Task goal:
Exact reproduction of the listing is required. Pictures are not reproduced.

Input data:
* * * *

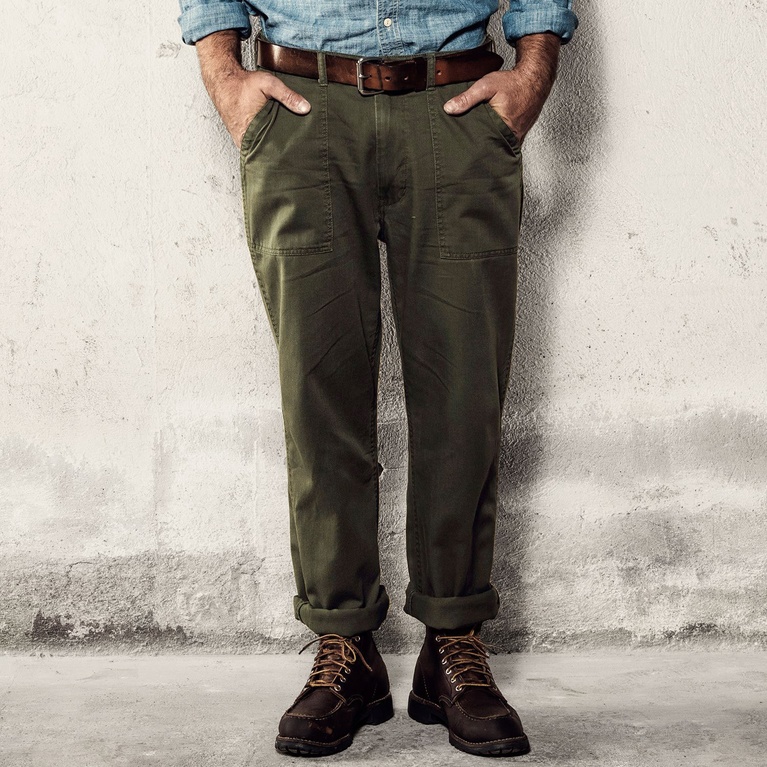 Fatigue Pant Fatigue Pant
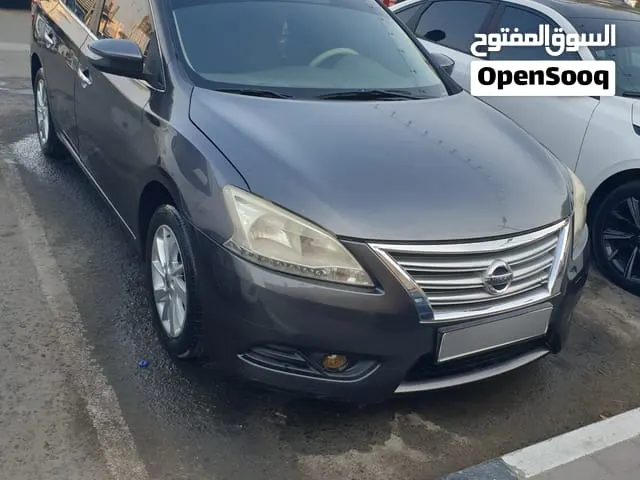 Nissan Sentra SL 2014
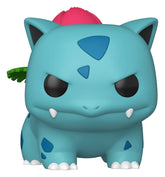 Pokémon Super Sized Jumbo POP! Vinyl Figur Bisaknosp 25 cm Pokémon Super Sized Jumbo POP! Vinyl Figure Ivysaur 25 cm Pokémon Super Sized Jumbo POP! Vinyl figurine Herbizarre 25 cm Pokémon Figura Super Sized Jumbo POP! Vinyl Ivysaur 25 cm 0889698919883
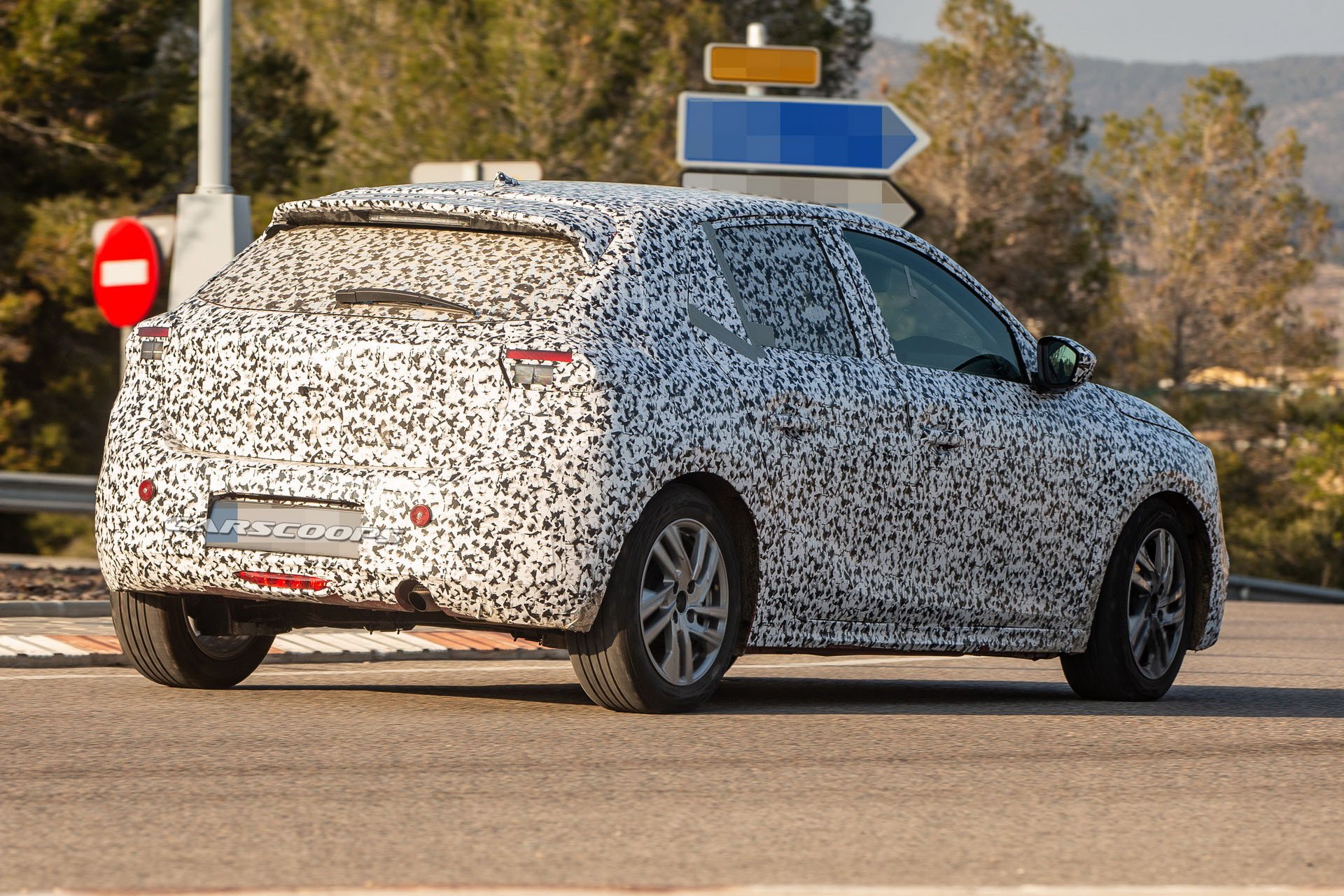 2020 Opel Corsa resim galerisi (27.02.2019)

* * * *

Exercise output:
 Fatigue Pant Fatigue Pant
 Nissan Sentra SL 2014
 Pokémon Super Sized Jumbo POP! Vinyl Figur Bisaknosp 25 cm Pokémon Super Sized Jumbo POP! Vinyl Figure Ivysaur 25 cm Pokémon Super Sized Jumbo POP! Vinyl figurine Herbizarre 25 cm Pokémon Figura Super Sized Jumbo POP! Vinyl Ivysaur 25 cm 0889698919883
 2020 Opel Corsa resim galerisi (27.02.2019)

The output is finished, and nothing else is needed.